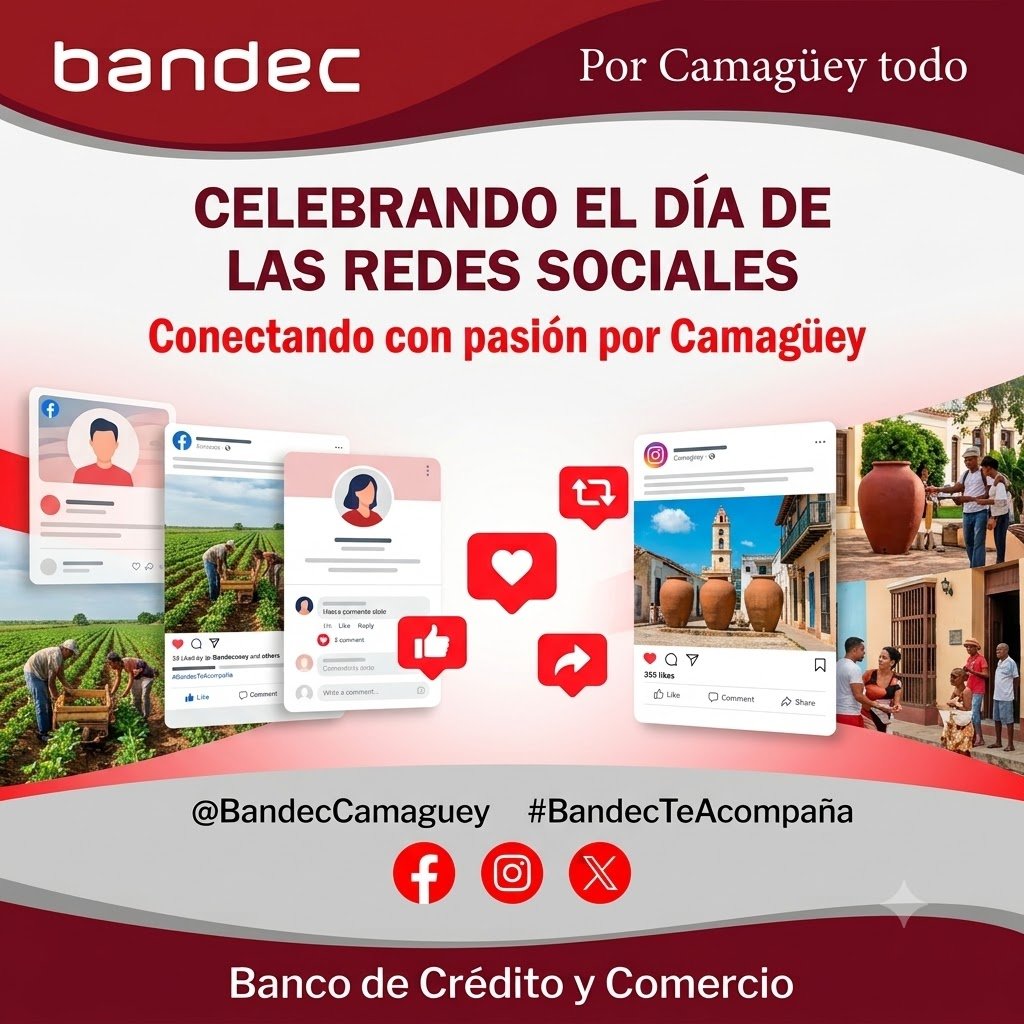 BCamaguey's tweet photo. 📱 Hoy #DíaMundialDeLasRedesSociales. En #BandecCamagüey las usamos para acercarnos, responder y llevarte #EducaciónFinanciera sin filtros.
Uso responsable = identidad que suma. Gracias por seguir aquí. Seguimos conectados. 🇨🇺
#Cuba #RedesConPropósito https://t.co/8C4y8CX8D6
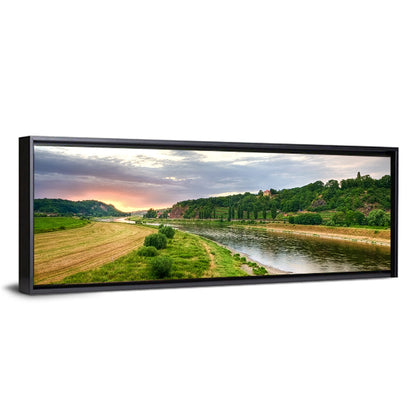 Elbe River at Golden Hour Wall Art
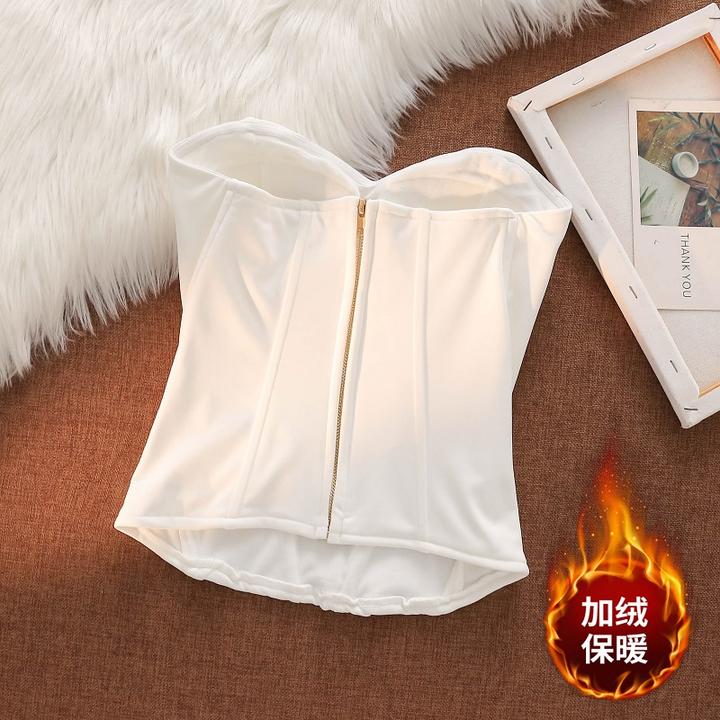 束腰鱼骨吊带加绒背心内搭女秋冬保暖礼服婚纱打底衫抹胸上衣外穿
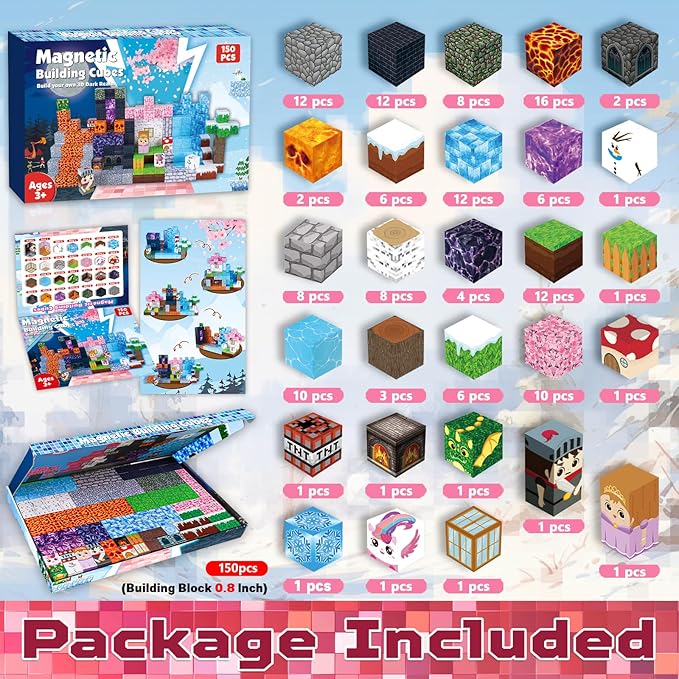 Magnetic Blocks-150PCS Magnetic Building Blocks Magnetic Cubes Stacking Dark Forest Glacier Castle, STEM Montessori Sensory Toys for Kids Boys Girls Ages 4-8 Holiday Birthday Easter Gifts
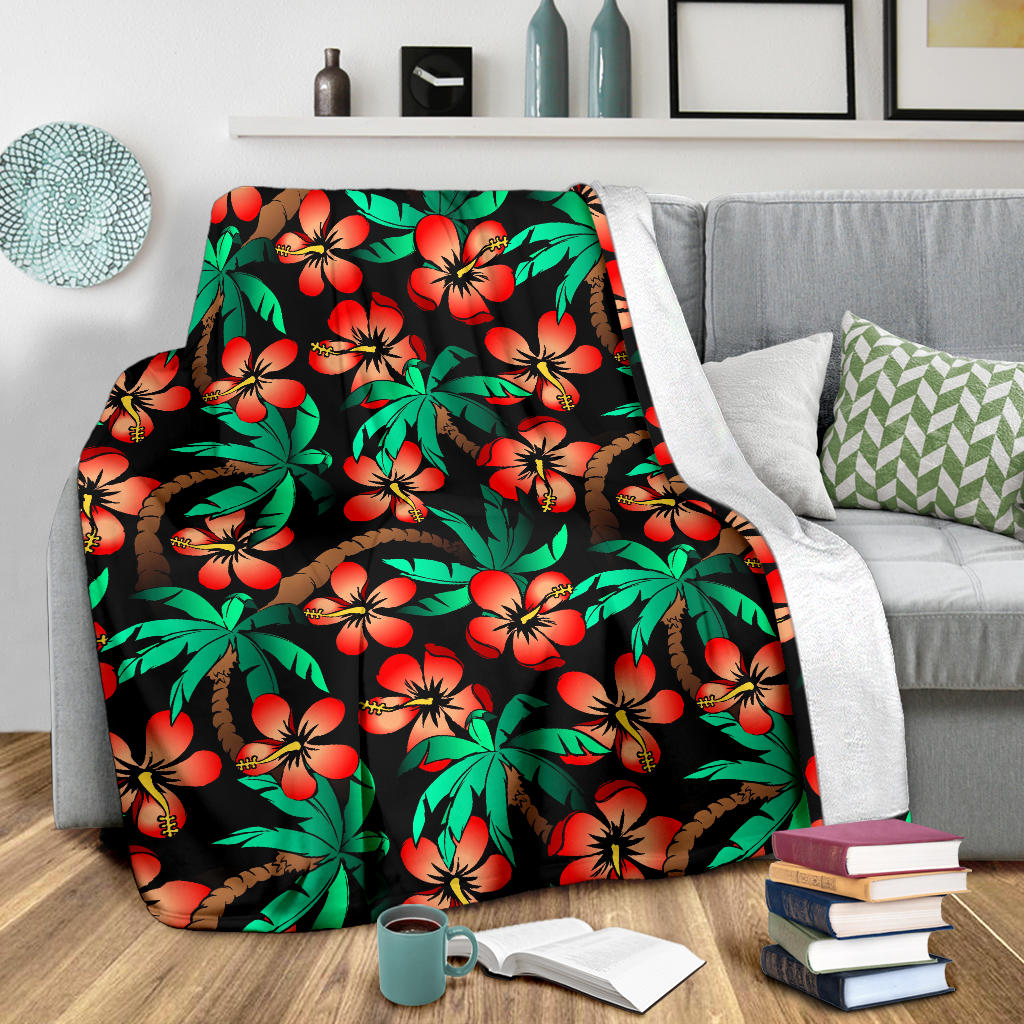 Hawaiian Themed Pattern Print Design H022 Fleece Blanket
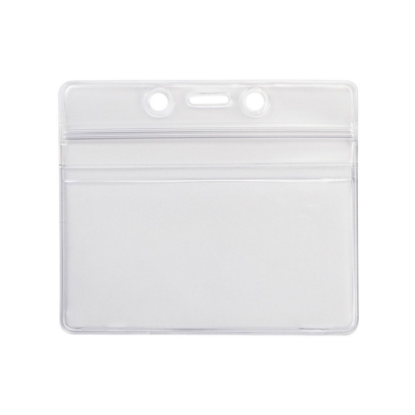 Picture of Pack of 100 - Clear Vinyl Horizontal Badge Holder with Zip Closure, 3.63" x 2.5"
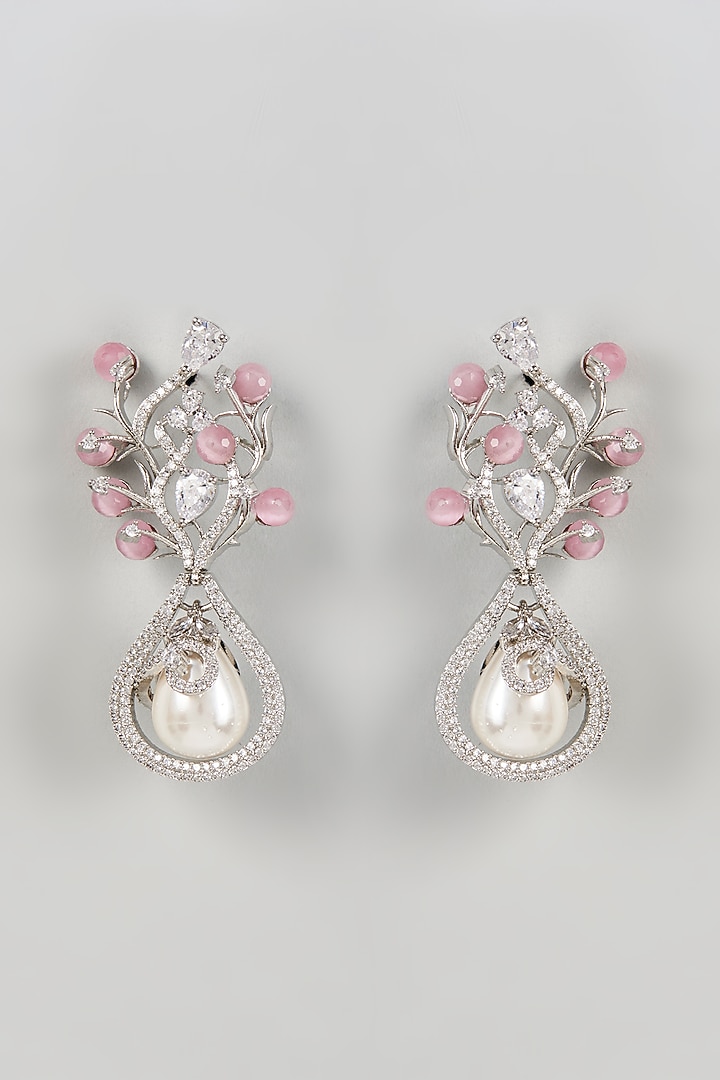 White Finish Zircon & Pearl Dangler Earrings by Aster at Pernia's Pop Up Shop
****************
Aim of the task: Print every entry exactly. Pictures are not part of the copy.

Solution to this task:
 BCamaguey's tweet photo. 📱 Hoy #DíaMundialDeLasRedesSociales. En #BandecCamagüey las usamos para acercarnos, responder y llevarte #EducaciónFinanciera sin filtros.
Uso responsable = identidad que suma. Gracias por seguir aquí. Seguimos conectados. 🇨🇺
#Cuba #RedesConPropósito https://t.co/8C4y8CX8D6
 Elbe River at Golden Hour Wall Art
 束腰鱼骨吊带加绒背心内搭女秋冬保暖礼服婚纱打底衫抹胸上衣外穿
 Magnetic Blocks-150PCS Magnetic Building Blocks Magnetic Cubes Stacking Dark Forest Glacier Castle, STEM Montessori Sensory Toys for Kids Boys Girls Ages 4-8 Holiday Birthday Easter Gifts
 Hawaiian Themed Pattern Print Design H022 Fleece Blanket
 Picture of Pack of 100 - Clear Vinyl Horizontal Badge Holder with Zip Closure, 3.63" x 2.5"
 White Finish Zircon & Pearl Dangler Earrings by Aster at Pernia's Pop Up Shop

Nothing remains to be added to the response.